Такую же точную и высокую оценку почившему журналу дал Гумилёв и в апрельском номере «Аполлона» за 1910 год, где он писал: «На днях прекратил свое существование журнал „Весы“, главная цитадель русского символизма. Вот несколько характерных фраз из заключительного манифеста редакции, напечатанного в № 12: „‘Весы’ были шлюзой, которая была необходима до тех пор, пока не слились два идейных уровня эпохи, и она становится бесполезной, когда это достигнуто, наконец, ее же действием. Вместе с победой идей символизма в той форме, в какой они исповедовались и должны были исповедоваться ‘Весами’, ненужным становится и сам журнал.

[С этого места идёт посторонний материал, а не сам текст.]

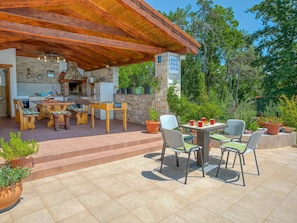 Property, Patio, Real Estate, Backyard, Building, House, Yard, Home, Room, Landscaping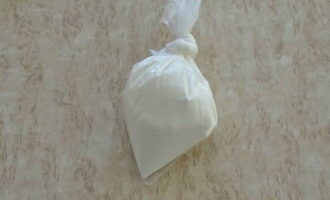 Transferiu la cobertura a una bossa de plàstic. Tallem la cantonada del paquet. Ja està tot a punt per decorar!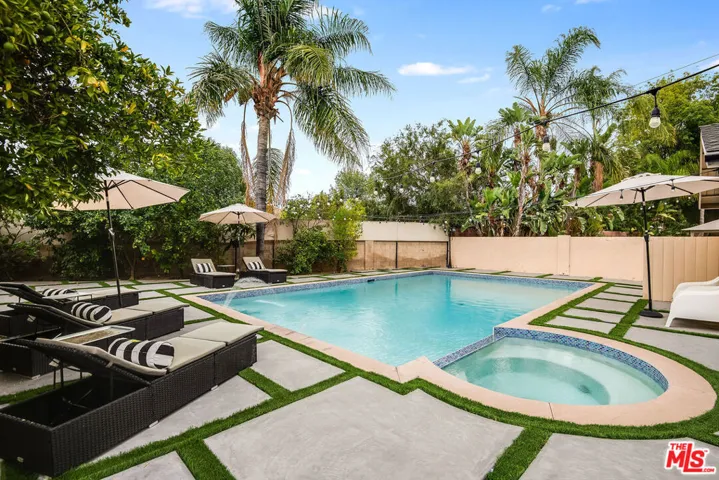 5316 Mecca Avenue, Tarzana, California 91356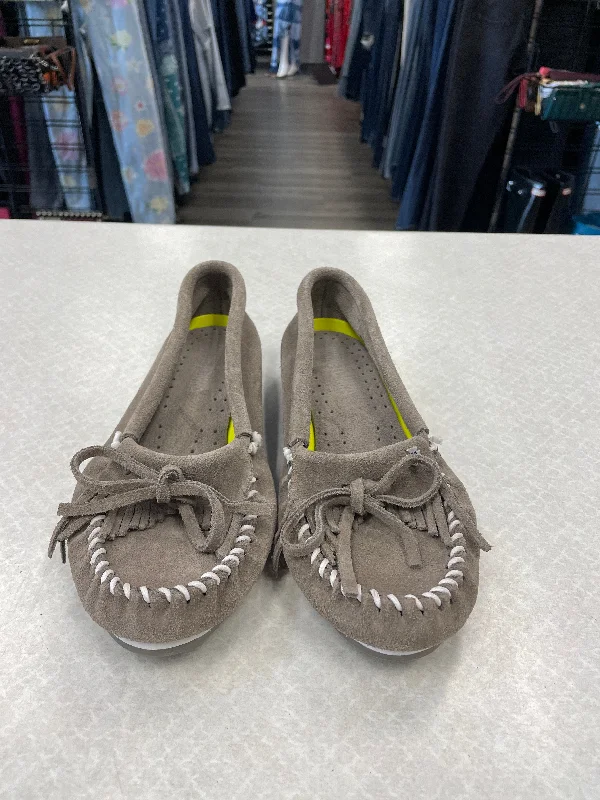 Shoes Flats By Minnetonka  Size: 7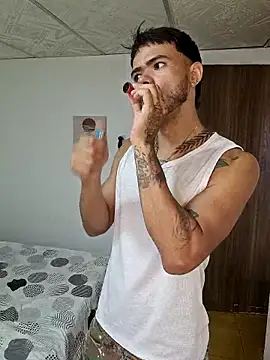 Snapshot of Niick01_ chatting on October 24, 2025, 6:07 pm Niick01 online show from October 24, 2025, 6:07 pm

Цель достигнута, и его ipso средство бесцельно! Растут иные цели! Мы не хотим сказать этим, что символическое движение умерло, что символизм перестал играть роль идейного лозунга нашей эпохи… Но завтра то же слово станет иным лозунгом, загорится иным пламенем, и оно уже горит по-иному над нами“. Со всем этим нельзя не согласиться, особенно если дело коснется поэзии. Русский символизм, представленный полнее всего „Весами“, независимо от того, что он явился неизбежным моментом в истории человеческого духа, имел еще назначение быть бойцом за культурные ценности, с которыми от Писарева до Горького у нас обращались очень бесцеремонно. Это назначение он выполнил блестяще и внушил дикарям русской печати если не уважение к великим именам и идеям, то, по крайней мере, страх перед ними… Теперь мы не можем не быть символистами. Это не призыв, не пожелание, это только удостоверяемый мною факт».

Вот так красиво поэт поставил точку на закрывшемся журнале. В обеих статьях он был объективен. Интересно, что даже тогда, когда Гумилёв провозгласит, что символизм изжил себя, он все равно будет относиться к предшественникам с уважением.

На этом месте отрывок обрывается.